In the entries below, find the line with "2017 Jeep Wrangler" and the line with "IJOY Clit Pro". Reproduce those two lines and every line between them exactly, and nothing more.

*** Opening of TASK INPUTS ***

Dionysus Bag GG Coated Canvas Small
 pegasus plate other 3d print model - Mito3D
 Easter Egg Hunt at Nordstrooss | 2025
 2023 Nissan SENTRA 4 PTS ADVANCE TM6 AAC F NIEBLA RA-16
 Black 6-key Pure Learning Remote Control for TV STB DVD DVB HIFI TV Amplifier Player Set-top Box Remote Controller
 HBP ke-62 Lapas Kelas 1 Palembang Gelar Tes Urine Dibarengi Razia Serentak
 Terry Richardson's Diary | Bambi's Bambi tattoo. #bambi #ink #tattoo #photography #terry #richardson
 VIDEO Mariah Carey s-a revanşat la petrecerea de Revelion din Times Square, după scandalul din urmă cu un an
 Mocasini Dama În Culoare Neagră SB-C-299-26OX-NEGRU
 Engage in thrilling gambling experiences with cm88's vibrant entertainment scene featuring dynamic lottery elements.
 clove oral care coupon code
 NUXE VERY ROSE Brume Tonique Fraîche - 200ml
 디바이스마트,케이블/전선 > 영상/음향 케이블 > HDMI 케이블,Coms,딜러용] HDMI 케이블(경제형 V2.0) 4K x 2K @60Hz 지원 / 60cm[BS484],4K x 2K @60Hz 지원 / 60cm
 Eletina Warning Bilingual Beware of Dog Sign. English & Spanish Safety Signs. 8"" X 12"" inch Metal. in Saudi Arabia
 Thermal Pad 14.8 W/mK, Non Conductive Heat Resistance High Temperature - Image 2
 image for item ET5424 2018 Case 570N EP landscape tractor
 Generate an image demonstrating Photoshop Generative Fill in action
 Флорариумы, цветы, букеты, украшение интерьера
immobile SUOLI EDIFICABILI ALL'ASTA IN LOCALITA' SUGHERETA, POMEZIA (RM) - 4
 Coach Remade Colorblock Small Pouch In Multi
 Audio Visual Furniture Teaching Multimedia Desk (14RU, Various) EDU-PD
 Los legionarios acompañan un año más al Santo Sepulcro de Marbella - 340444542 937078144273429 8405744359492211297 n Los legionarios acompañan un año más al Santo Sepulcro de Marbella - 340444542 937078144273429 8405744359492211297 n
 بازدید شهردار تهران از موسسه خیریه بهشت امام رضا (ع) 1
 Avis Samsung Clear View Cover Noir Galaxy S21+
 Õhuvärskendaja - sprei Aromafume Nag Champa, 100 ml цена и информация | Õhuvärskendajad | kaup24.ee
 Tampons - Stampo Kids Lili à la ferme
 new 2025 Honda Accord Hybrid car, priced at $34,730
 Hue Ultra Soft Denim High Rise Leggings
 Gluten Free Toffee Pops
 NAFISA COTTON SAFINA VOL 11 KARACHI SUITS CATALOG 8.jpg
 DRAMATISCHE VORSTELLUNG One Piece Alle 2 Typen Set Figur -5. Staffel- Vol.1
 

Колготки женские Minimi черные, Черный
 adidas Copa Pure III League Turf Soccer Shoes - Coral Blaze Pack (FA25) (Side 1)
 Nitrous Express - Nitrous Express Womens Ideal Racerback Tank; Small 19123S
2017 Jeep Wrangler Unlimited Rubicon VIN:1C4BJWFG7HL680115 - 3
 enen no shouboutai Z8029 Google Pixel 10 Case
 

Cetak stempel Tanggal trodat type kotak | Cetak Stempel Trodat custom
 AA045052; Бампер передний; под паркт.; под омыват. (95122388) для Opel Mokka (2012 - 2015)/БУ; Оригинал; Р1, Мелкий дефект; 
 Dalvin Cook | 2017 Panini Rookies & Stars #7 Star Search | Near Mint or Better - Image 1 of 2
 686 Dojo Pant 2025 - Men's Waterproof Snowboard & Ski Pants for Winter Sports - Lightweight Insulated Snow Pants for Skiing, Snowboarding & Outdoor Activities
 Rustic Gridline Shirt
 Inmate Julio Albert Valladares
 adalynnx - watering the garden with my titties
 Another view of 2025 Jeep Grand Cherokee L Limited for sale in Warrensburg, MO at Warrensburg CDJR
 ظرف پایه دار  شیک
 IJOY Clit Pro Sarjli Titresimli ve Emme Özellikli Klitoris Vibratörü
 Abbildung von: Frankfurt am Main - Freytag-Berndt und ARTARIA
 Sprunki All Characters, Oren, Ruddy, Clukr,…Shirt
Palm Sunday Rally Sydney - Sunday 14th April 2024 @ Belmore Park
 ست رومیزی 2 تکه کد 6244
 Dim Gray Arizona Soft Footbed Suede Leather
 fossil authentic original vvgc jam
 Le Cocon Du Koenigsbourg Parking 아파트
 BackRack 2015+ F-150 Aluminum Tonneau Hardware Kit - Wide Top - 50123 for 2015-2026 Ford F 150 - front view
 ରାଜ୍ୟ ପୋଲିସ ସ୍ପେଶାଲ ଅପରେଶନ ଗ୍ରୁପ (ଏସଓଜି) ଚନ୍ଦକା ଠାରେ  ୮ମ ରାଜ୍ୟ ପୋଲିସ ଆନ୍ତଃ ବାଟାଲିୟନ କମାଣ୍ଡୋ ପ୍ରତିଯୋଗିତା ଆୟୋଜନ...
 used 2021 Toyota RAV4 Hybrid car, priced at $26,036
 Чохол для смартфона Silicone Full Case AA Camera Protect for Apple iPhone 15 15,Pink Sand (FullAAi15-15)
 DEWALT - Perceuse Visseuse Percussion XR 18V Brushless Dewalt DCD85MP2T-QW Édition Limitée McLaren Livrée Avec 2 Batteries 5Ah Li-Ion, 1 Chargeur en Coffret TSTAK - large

*** Close of TASK INPUTS ***

# WRITTEN SOLUTION:
2017 Jeep Wrangler Unlimited Rubicon VIN:1C4BJWFG7HL680115 - 3
 enen no shouboutai Z8029 Google Pixel 10 Case
 

Cetak stempel Tanggal trodat type kotak | Cetak Stempel Trodat custom
 AA045052; Бампер передний; под паркт.; под омыват. (95122388) для Opel Mokka (2012 - 2015)/БУ; Оригинал; Р1, Мелкий дефект; 
 Dalvin Cook | 2017 Panini Rookies & Stars #7 Star Search | Near Mint or Better - Image 1 of 2
 686 Dojo Pant 2025 - Men's Waterproof Snowboard & Ski Pants for Winter Sports - Lightweight Insulated Snow Pants for Skiing, Snowboarding & Outdoor Activities
 Rustic Gridline Shirt
 Inmate Julio Albert Valladares
 adalynnx - watering the garden with my titties
 Another view of 2025 Jeep Grand Cherokee L Limited for sale in Warrensburg, MO at Warrensburg CDJR
 ظرف پایه دار  شیک
 IJOY Clit Pro Sarjli Titresimli ve Emme Özellikli Klitoris Vibratörü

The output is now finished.